Detailed plot summaries for all
episodes of both series are available here and here.

| No. overall | No. in season | Title | Directed by | Written by | Original release date | Aus. viewers (millions) |
|---|---|---|---|---|---|---|
| 7 | 1 | "Weather Man" | Stuart McDonald | Deb Cox | 25 July 2009 | 0.794 |
| 8 | 2 | "Cumin Get It" | Stuart McDonald | Roger Monk | 1 August 2009 | 0.749 |
| 9 | 3 | "The Golden Rule" | Tony Tilse | Deb Cox | 8 August 2009 | 0.689 |
| 10 | 4 | "Secret and Lies" | Tony Tilse | Roger Monk | 15 August 2009 | 0.628 |
| 11 | 5 | "Venus Rising" | Tony Tilse | Roger Monk | 22 August 2009 | 0.615 |
| 12 | 6 | "Homeward Bound" | Ian Watson | Deb Cox | 29 August 2009 | 0.644 |
| 13 | 7 | "Community Chest" | Ian Watson | Roger Monk | 5 September 2009 | 0.619 |

==Production details==
The series, consisting of two seasons, was produced by Deb Cox (SeaChange), Fiona Eagger (CrashBurn) and Roger Monk (The Secret Life of Us). Season one had six episodes, with the show airing on Sunday nights at 8.30pm. It premiered on Sunday, 30 March 2008, and the season finale aired on Sunday, 4 May 2008. Season two had seven episodes, with the show airing on Saturday nights at 7.30pm. It premiered on Saturday, 25 July 2009. Nick Tate joined the cast for the season.

===Filming locations===
The fictional town of Broken Bay in which the show is set, is loosely based on Byron Bay, on the northern New South Wales coast, where the majority of filming took place. The name 'Broken Bay' was chosen as a combination of the names of Byron Bay and Broken Head, the next headland down the coast.
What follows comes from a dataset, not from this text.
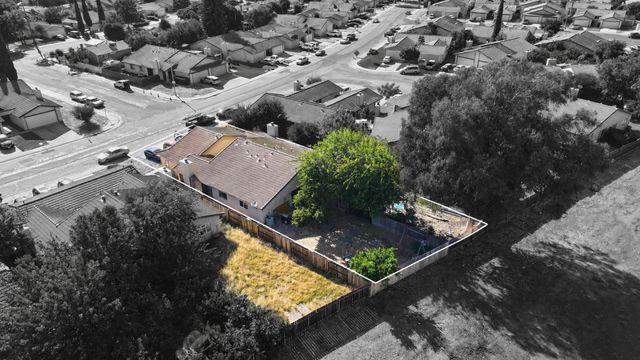8888 Fox Creek Dr, Stockton, CA 95210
For season two, additional filming locations depicting Broken Bay included other 'hippy' towns in the Northern Rivers region of northern New South Wales – notably Nimbin and Mullumbimby.

The run down fictional 'Far Out East' resort where much of the action is set, was a specially constructed set on the site of the future Byron Beach Resort situated on Belongil Beach. The inspiration for Far Out East was in part from backpacker accommodation associated with the former Piggery site and music venue in Byron Bay, which still exists under its current (2021) name, The Arts Factory Lodge.

===Music===
The contribution of the incidental music (featuring many local and generally less well-known artists, as well as occasionally unusual instrumentation) to the story and the sense of place, is discussed in an article in Screen Sound by Liz Giuffre, who points out that these attributes reinforce the "somewhat exotic location" used for the setting.

==DVD and CD releases==
Both seasons were released by the Australian Broadcasting Corporation on DVD for home viewing, Series 1 in 2008 and Series 2 in 2009, accompanied by various extras on each 2-disc set, while the soundtracks for both series were also available on CD. At the ARIA Music Awards of 2009 the soundtrack was nominated for ARIA Award for Best Original Soundtrack, Cast or Show Album.